Aveva lasciato Star Trek: Picard con l’episodio della scorsa settimana – la nostra recensione QUI – che preparava il terreno per il season finale.

L’arrivo su Coppelius, il pianeta natale di Soji, era conciso con la scoperta di una intera civiltà di sintetici guidata dal Dottor Altan Inigo Soong e con l’avvicinarsi minaccioso della flotta romulana intenzionata più che mai a spazzare via il pianeta e con esso la minaccia dell’apocalisse di cui le forme di vite sintetiche sarebbero gli araldi.

Aveva quindi scavato al cuore di questa profezia che animava i romulani scoprendo che l’Admonition non era rivolta a loro ma alle forme di vita sintetiche, un richiamo per una federazione di organismi come loro proveniente da una altra galassia.

Il tutto era velocemente precipitato: con i romulani alle porte, i sintetici avevano velocizzate le procedure per la costruzione di un faro che avrebbe portato nella nostra galassia l’aiuto necessario il tutto alimentato dal risentimento verso gli umani e la loro federazione già una volta incapaci di proteggerli.

Da qui riparte la seconda parte del season finale intitolata Et Ego in Arcadia Part 2.

Picard è agli arresti e toccherà alla Jurati liberarlo mente Raffi, Rios e Narek in fuga cercheranno a loro modo di fermare la costruzione del faro. Sul Cubo intanto 7 di 9 deve impedire che anche la tecnologia Borg venga sfruttata proprio dai romulani.

L’unica speranza è quindi riuscire a contattare la Federazione e Picard aiutato dalla Jurati prenderà il controllo de La Sirena per farlo.

In orbita intorno al pianeta lui e la Jurati riusciranno a guadagnare il tempo necessario affinché la Federazione risponda al SOS e contemporanea dissuadere Soji ad attivare il faro.

Quella di Picard sembra essere davvero l’ultima missione: le sue condizioni di salute si aggravano improvvisamente. È davvero il capolinea per l’ammiraglio?
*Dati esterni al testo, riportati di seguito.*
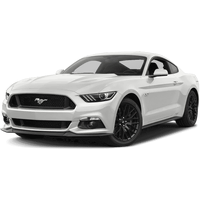 Dual 3in Cat Back Aluminised Steel - Medium (Mustang FM 15+)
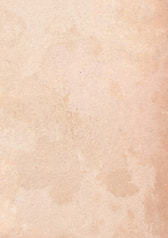 サンプル画像 No.5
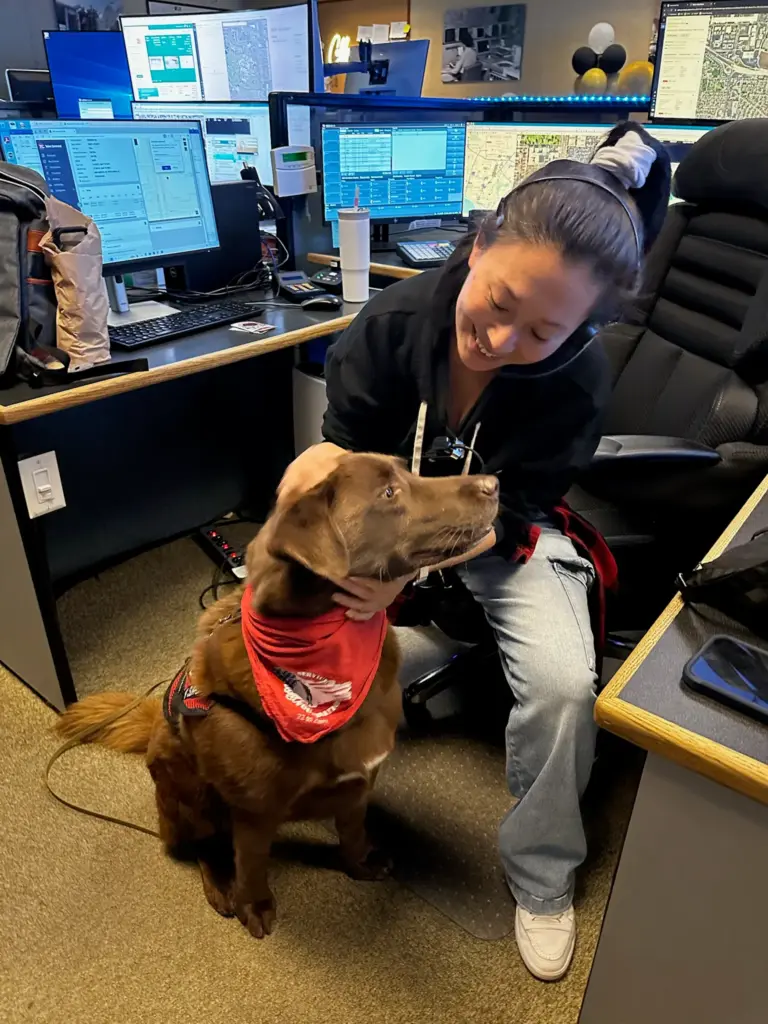 Kingman, a CISK dog at Huntington Beach Fire Department and...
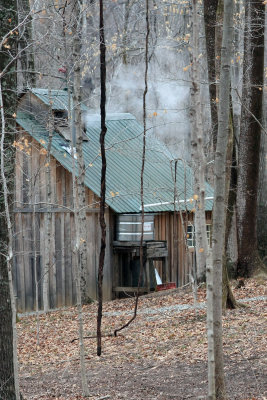 Sugar Shack in the woods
Se non fosse per la prova attoriale nervosa e sofferta di Patrick Stewart e la bella battaglia aeronavale al metà episodio il voto questo season finale sarebbe molto, molto più basso.

È bene dirlo subito e con franchezza: la prima stagione di Star Trek: Picard è partita bene, audace e ambiziosa, ma si è spenta soprattutto a causa di un forzatissimo elemento nostalgia che le ha fatto perdere alla fine dei conti il confronto con l’altra serie “moderna” di Star Trek ovvero Discovery.

Questo Et Ego in Arcadia Part 2 è ridondante – 60 minuti si dimostrano ancora una volta eccessivi – con una prima parte che ritorna a spiegarci l’Admonition e il finale che attinge a quella componente drama che tradisce di fatto l’interessante nucleo tematico della stagione ovvero esaminare il concetto stesso di vita usando la metafora dei sintetici.

Tutto questo si perde in lacrimoni che rubano minuti preziosi all’unico dialogo sensato dell’episodio – quello del “risveglio” di Picard – mentre la minaccia della Federazione dei Sintetici non si palesa mai di fatto sprecando un ghiotta occasione per mostrare, come fatto in altre iterazioni recenti del franchise, di poter creare personaggi e situazioni tanto nuove quanto originali.

Ed invece Star Trek: Picard viene inghiottita dal suo stesso effetto nostalgia, cammei su cammei purtroppo spesso inutili, e da un finale che spiazza e contraddice idealmente, ma anche praticamente, la maggior parte del percorso di Picard come personaggio, vedasi il suo incontro/scontro con i Borg.

Se l’episodio sembra inoltre fornire una conclusione abbastanza netta delle vicende sorge spontaneo chiedersi se a questo punto serva davvero una seconda stagione della serie già peraltro conferma e con un essa un cambio di showrunner anch’esso confermato.

1 commento

  1. Non sono d’accordo con la recensione, il paragone cpn Discovery non regge, Discovery è un qualcosa che ricorda vagamente Star Trek al contrario Picard ha tutto lo spirito di Sta Trek, e se questo non si capisce all’ora inutile proseguire.